William Kentridge loves to bake. When his children were little, he often made their birthday cakes: a giraffe with a patchwork ochre coat, a pirate chest full of gold coins. Baking, with its careful weighing, its set oven temperatures and precise cooking times, is sponge-engineering, which may be why it appeals to him. It’s so very different from the spiralling gyre of art-making that has filled his normal working day for the past half-century.
Three years ago, shortly before he was due to gather together the cast of his latest theatre project for the first time, the only certainties in Kentridge’s mind were that the work would feature a chorus of seven women and the figure of death, and that it would be called The Great Yes, The Great No, from a poem by the Greek master Constantine Cavafy. Not until he reread an article by a friend about the last ship to leave Marseille, the only major port to remain free after the fall of France during the Second World War, did Kentridge begin to see how the piece might take shape.

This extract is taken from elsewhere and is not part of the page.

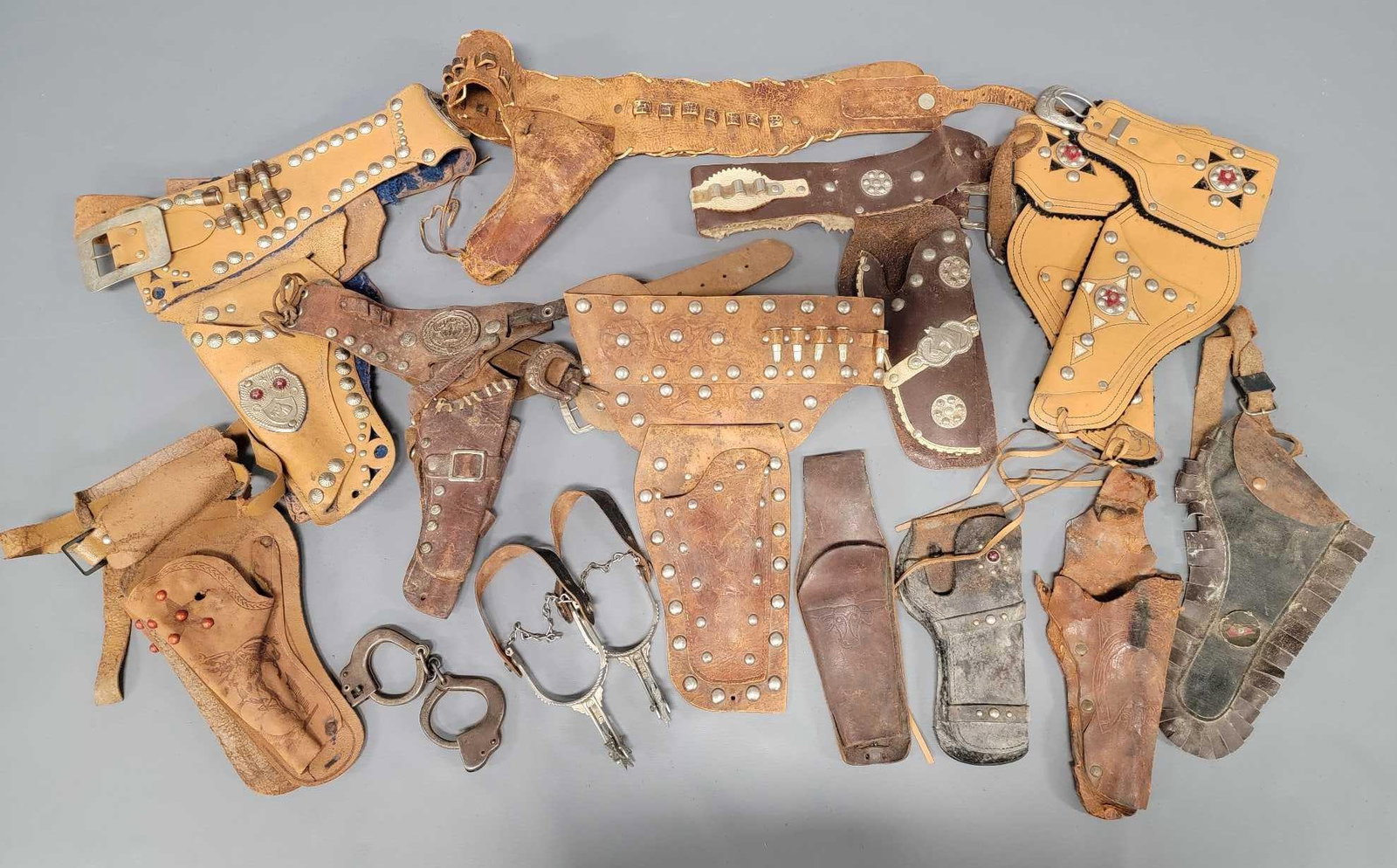 Great group of vintage childs Cowboy holster belts and Hoppy spurs etc: Great group of vintage childs Cowboy holster belts and Hoppy spurs, a miniature set of handcuffs. These holster and belt sets are in fair to very good condition as seen in the photos.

The Capitaine Paul-Lemerle was a converted cargo vessel that had seen better days. It was commandeered in Marseille in early 1941 by a young American, using funds raised in New York by Albert Einstein and Peggy Guggenheim, to help carry refugees to safety. “The Germans had invaded and conquered France,” Kentridge told me earlier this year during a break in rehearsals. “And so there were many refugees trying to flee France from the Nazis. It’s communists, it’s homosexuals, it’s artists, it’s Jews. It’s many people trying to leave across the Atlantic Ocean.”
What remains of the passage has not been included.